そして、鳳来さんから木刀を一本受け取り、中央に立つ。
鳳来さんも善逸の正面に木刀を持って立つ。
「では、はじめ!」
その合図の瞬間、急におとなしくなった善逸は、目で追うのが難しいほどの速さで何度も何度も斬りかかる。
鳳来さんは、善逸の手の動きをじっと見つめながら、その攻撃を木刀で受け止め、かわしていく。
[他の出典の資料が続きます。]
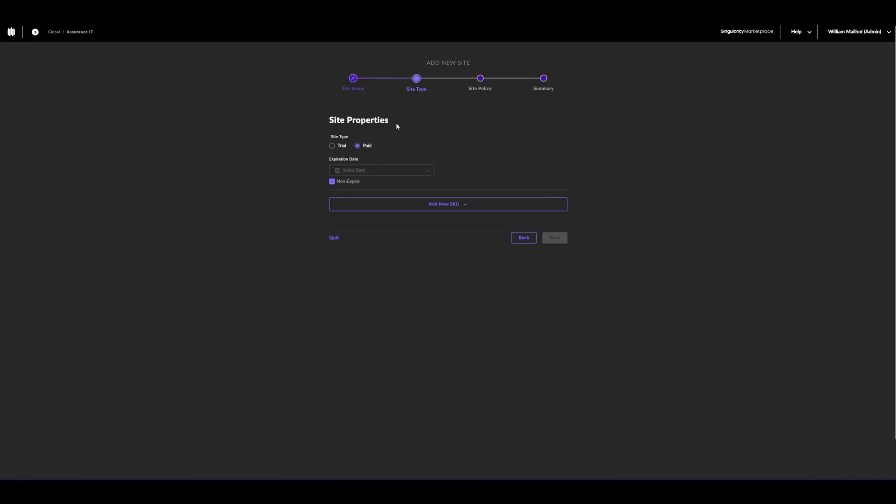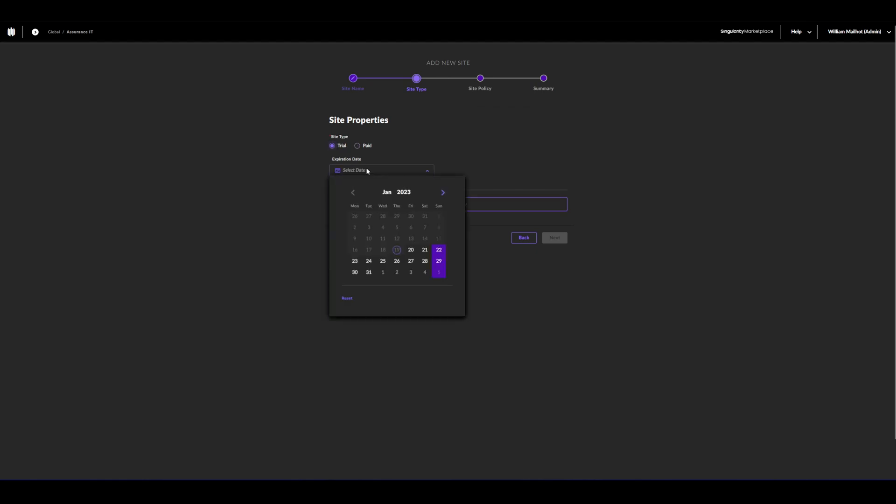In site type, we will have our licensing information, either trial or paid, depending on the licenses you have on your account. The expiration date needs to be equal to or earlier than the account's expiration date.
2本の木刀のぶつかり合う音が訓練場に大きく響き渡る。
「……すごいなあ善逸」
善逸は、一切の休む間もなく、技を使わずに斬りかかっている。
しかもこの速さで。
「うーん」
「そろそろ技ひとつくらい使おうかな」
不意に鳳来さんのぼやきが聞こえた。
まさか、このスピードの打合いでぼやく余裕もあるなんて。
恐ろしささえ感じてしまう。
「鳥の呼吸 陸ノ型 水鳥の飛翔!」
下から襲いかかるこの技は、避けるのが凄く難しい。
善逸は、後退してそれを避ける。
善逸は、戦うと急に雰囲気が変わる。
いつもと真逆。
冷静で強くて頼りがいのある立派な剣士と化する。
善逸は、後退してそのままの勢いでさらに後ろへと下がる。
そして、
「雷の呼吸 壱の型」
「霹靂一閃!」
その速さはもう、目で追えなかった。
ただ一本の鋭い閃が走ったように見えた。
鳳来さんは、驚いたような、どこか嬉しそうな顔をしていた。
「やめ!」
鳳来さんの大きな一声と共に、善逸は、ハッとしたように顔を上げる。
「え。おおお俺無事!?良かったあー!死んじゃうかと思ったぁ」
いつもの善逸だ。
鳳来さんは考え事をしているようで、ひと言も喋らなかった。